Жизнь Пушкина
Шрифт:
Но интерес к любовной сфере со стороны Чулкова был продиктован конечно же желанием, во-первых, дать полное и разностороннее представление о страстях, кипевших в душе Пушкина. Разговор в конце концов ведь опять возвращался к душе(кстати, в книжном варианте были убраны практически все личностные и оценочные характеристики избранниц поэта, подробности его отношений с ними, что сразу обеднило повествование и сделало эмоциональную сторону жизни поэта постноневыразительной). А во-вторых, обращение к ним, страстям, возможно, призвано было замаскировать «сокровенные» мысли, которыми автор очень дорожил. И важнейшую из них обретение Пушкиным религиозной полноты бытия.

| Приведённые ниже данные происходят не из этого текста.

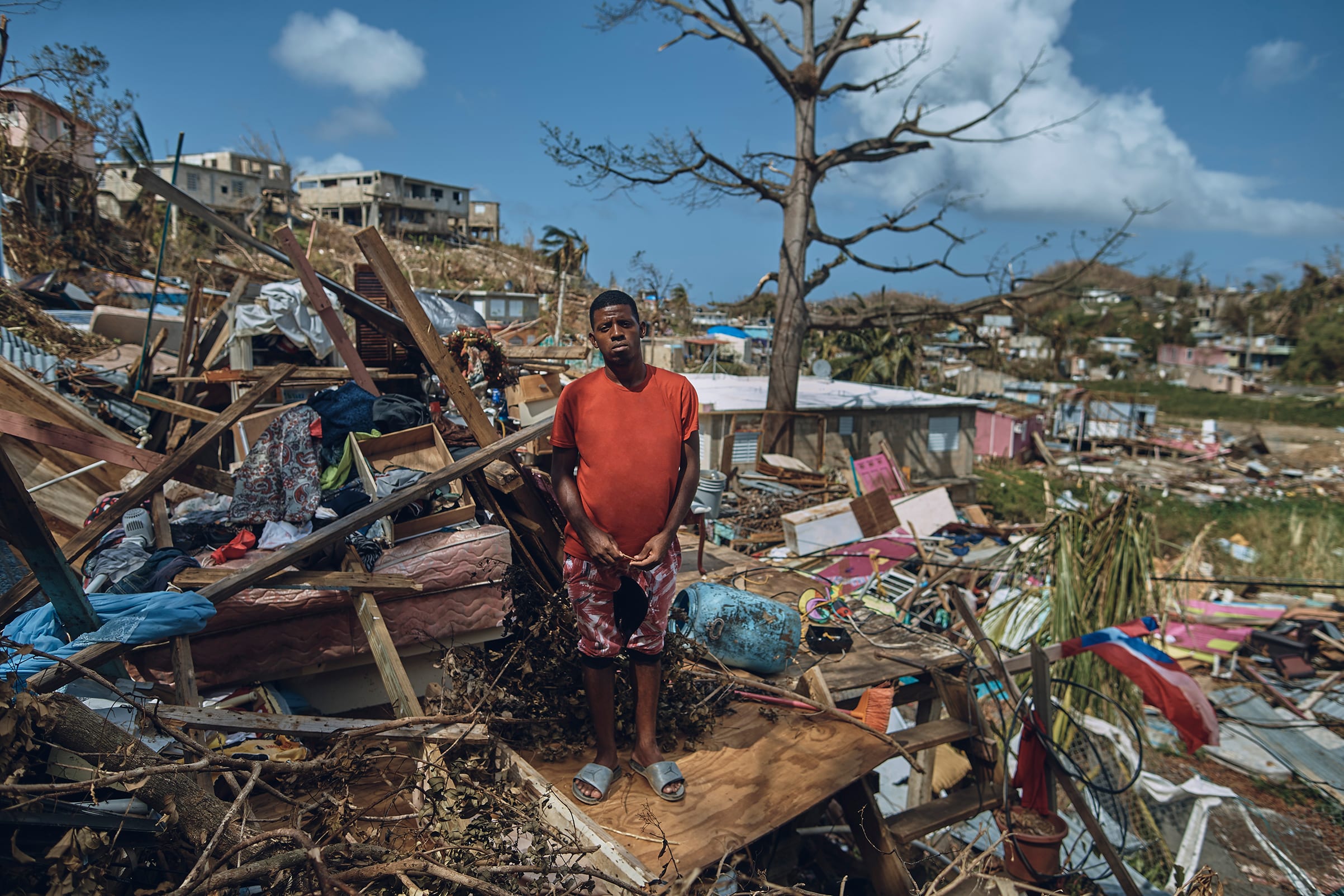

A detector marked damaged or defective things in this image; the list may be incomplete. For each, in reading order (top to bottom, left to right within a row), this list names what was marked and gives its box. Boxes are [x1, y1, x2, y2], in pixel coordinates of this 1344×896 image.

broken window shutter [930, 416, 962, 451]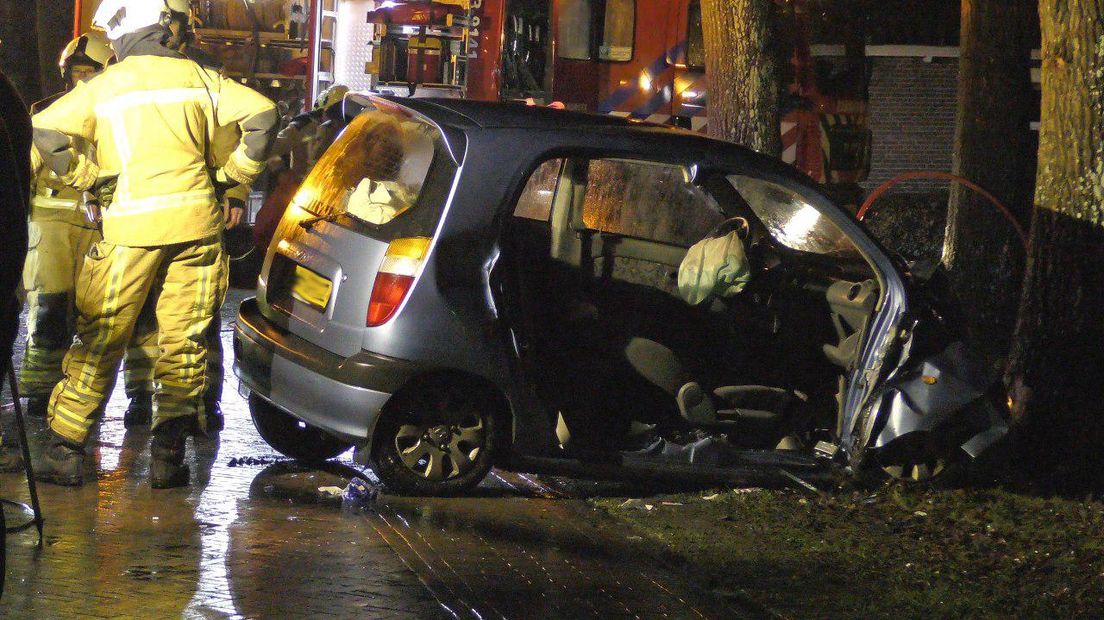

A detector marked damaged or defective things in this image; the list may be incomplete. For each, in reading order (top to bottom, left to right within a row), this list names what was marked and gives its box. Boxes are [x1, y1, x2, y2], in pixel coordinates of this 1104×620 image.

crashed silver car [235, 95, 1008, 494]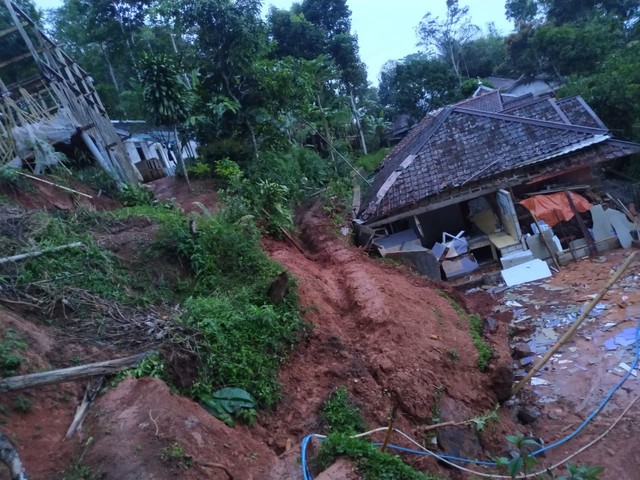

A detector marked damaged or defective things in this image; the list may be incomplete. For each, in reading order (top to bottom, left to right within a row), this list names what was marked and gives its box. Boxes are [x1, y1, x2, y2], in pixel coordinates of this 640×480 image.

damaged house [358, 91, 640, 282]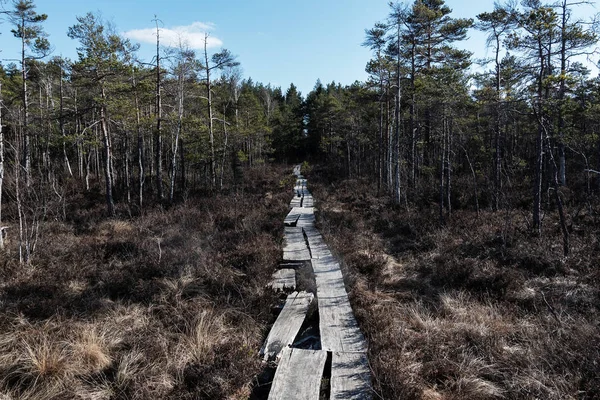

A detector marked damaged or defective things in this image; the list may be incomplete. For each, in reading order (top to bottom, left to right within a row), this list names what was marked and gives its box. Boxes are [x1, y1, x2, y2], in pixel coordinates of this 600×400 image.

broken plank [268, 268, 296, 290]
broken plank [260, 292, 314, 360]
broken plank [268, 346, 326, 400]
broken plank [330, 352, 372, 398]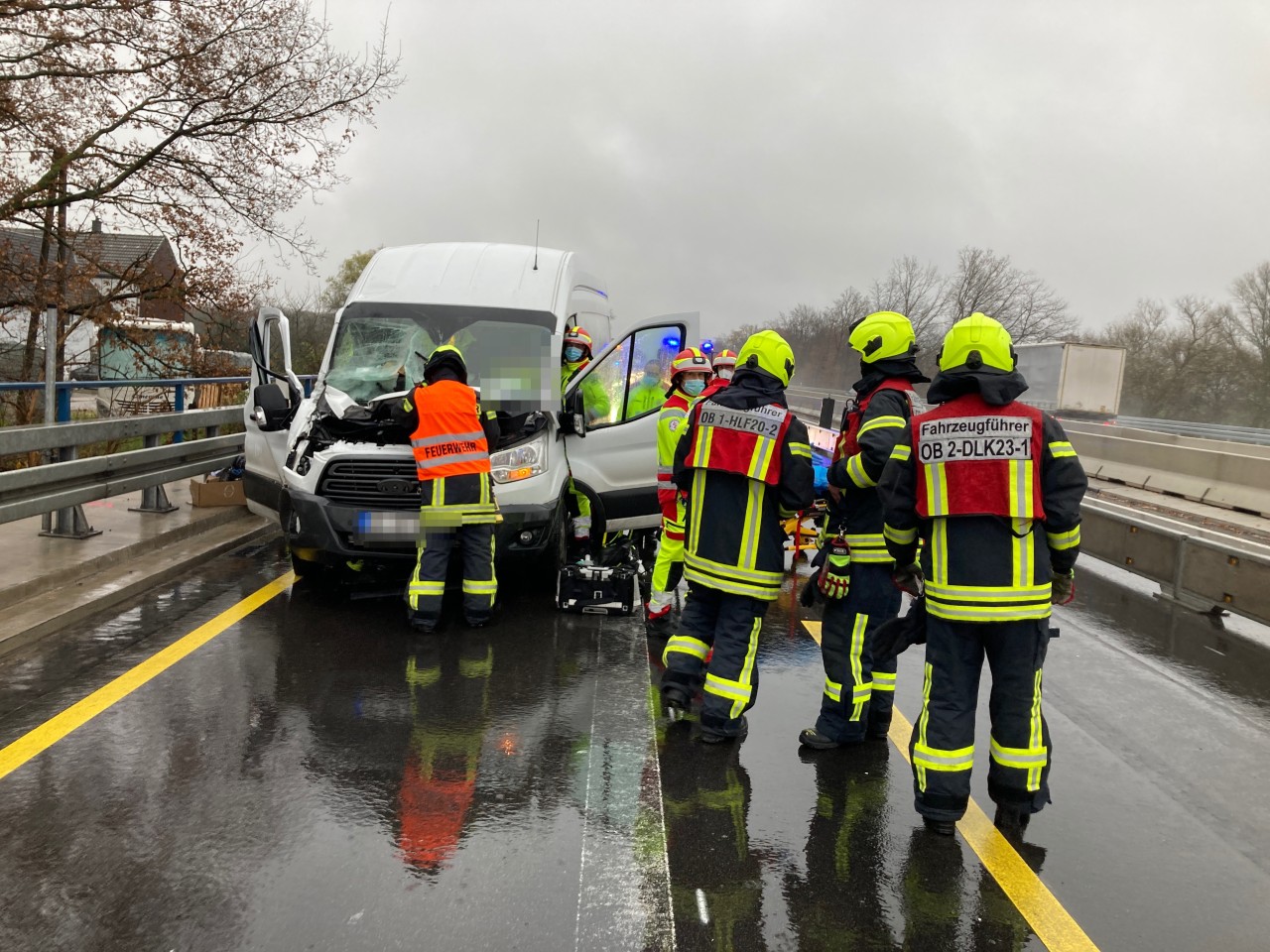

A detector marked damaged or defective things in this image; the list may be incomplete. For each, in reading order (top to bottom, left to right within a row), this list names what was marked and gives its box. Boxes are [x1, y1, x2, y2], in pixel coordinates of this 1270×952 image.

crashed white van [243, 242, 698, 579]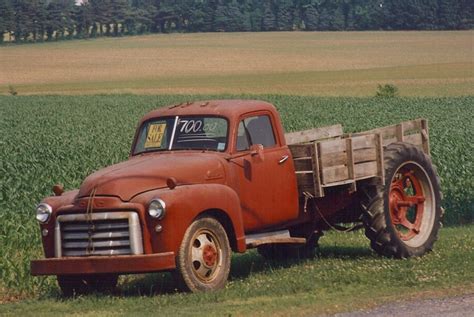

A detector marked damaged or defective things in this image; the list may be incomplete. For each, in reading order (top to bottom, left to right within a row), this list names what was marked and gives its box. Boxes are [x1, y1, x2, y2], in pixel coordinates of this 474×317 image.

rusty pickup truck [31, 99, 442, 294]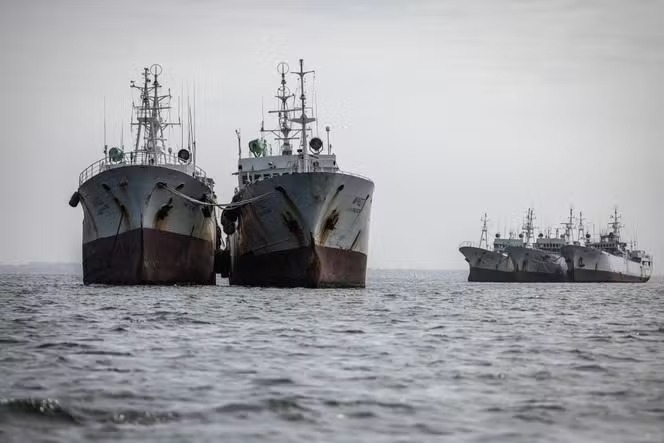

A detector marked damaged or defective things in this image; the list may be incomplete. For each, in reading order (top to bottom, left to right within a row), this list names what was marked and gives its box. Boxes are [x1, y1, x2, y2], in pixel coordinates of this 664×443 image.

rusty ship hull [77, 166, 215, 284]
rusty ship hull [223, 172, 374, 290]
rusty ship hull [460, 245, 516, 282]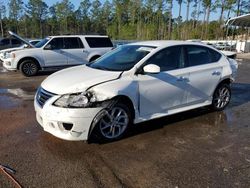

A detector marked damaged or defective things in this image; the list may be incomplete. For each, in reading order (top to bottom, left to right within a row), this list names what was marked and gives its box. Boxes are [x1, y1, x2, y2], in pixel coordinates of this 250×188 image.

Так неожиданно в русской культуре советской эпохи появилась первая религиозная биография поэта. И это, как с гордостью признавался сам автор, было почувствовано проницательными и религиозными людьми. Он даже заметил в дневнике: «Евг. Казимировна Герцык, будучи в Москве, успела прочитать две главы и сказала, что она почувствовала за видимо объективным изложением мою руководящую идею. Вот это, вероятно, и злит
Несомненно, в оригинальном и неприемлемом для литературоведения 30-х годов прочтении творчества и трактовки личности поэта сказалась глубокая религиозность самого автора, в котором, начиная с 1920-х годов, укрепилась вера в «историческое христианство», пришедшая на смену мистико-анархистским идеям. Чулков, по собственному признанию, «жизнью и смертью» (у него в 1921 году умер единственный сын) был приведен к «тому, о чем… ранее лишь догадывался»[15]. Поэтому он и в жизни Пушкина выделил движение от скептического вольтерианства к религиозному видению мира, постарался всеми красками расцветить «веселый скепсис юного эпикурейца», чтобы очевиднее стали разительные перемены, произошедшие в нем позднее, когда поэт освободился от «так называемого здравого смысла, легкого отношения к жизни, поверхностной эротики, скептической оценки истории и веселой иронии, позволявших самые важные вопросы решать, не задумываясь над их глубиною».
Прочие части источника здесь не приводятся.